Below is a block of entries; repeat exactly the lines starting at the line that contains "StarTech.com - Dock" and ending at the line that contains "Golden Retriever American", both included.

Collected data entries
•••
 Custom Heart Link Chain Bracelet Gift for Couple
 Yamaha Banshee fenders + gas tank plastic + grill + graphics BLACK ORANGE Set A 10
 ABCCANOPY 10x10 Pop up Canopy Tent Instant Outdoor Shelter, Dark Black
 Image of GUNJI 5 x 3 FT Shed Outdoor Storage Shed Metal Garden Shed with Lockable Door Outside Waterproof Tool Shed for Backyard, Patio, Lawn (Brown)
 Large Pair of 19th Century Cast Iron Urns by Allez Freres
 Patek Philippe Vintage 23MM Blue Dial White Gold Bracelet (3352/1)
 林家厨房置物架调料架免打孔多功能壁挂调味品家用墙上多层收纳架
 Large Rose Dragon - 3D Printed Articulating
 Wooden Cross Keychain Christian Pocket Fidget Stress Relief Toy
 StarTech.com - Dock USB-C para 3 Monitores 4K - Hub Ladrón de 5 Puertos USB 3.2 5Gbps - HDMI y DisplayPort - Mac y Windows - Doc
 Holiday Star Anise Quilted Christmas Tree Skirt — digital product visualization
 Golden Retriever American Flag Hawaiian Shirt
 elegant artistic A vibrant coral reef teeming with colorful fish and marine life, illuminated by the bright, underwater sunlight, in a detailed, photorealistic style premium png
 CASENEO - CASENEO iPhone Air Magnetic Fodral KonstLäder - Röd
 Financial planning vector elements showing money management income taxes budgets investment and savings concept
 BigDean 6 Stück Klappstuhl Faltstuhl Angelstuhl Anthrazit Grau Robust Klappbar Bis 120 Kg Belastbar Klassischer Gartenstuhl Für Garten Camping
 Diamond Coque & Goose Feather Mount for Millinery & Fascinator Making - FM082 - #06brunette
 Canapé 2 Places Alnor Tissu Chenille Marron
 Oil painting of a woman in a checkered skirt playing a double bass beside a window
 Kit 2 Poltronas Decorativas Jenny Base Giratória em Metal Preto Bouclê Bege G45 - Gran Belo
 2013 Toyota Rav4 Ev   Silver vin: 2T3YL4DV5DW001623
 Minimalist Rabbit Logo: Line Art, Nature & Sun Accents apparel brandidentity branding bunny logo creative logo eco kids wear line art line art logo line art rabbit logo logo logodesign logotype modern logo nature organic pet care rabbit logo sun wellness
•••
● RESPONSE
 StarTech.com - Dock USB-C para 3 Monitores 4K - Hub Ladrón de 5 Puertos USB 3.2 5Gbps - HDMI y DisplayPort - Mac y Windows - Doc
 Holiday Star Anise Quilted Christmas Tree Skirt — digital product visualization
 Golden Retriever American Flag Hawaiian Shirt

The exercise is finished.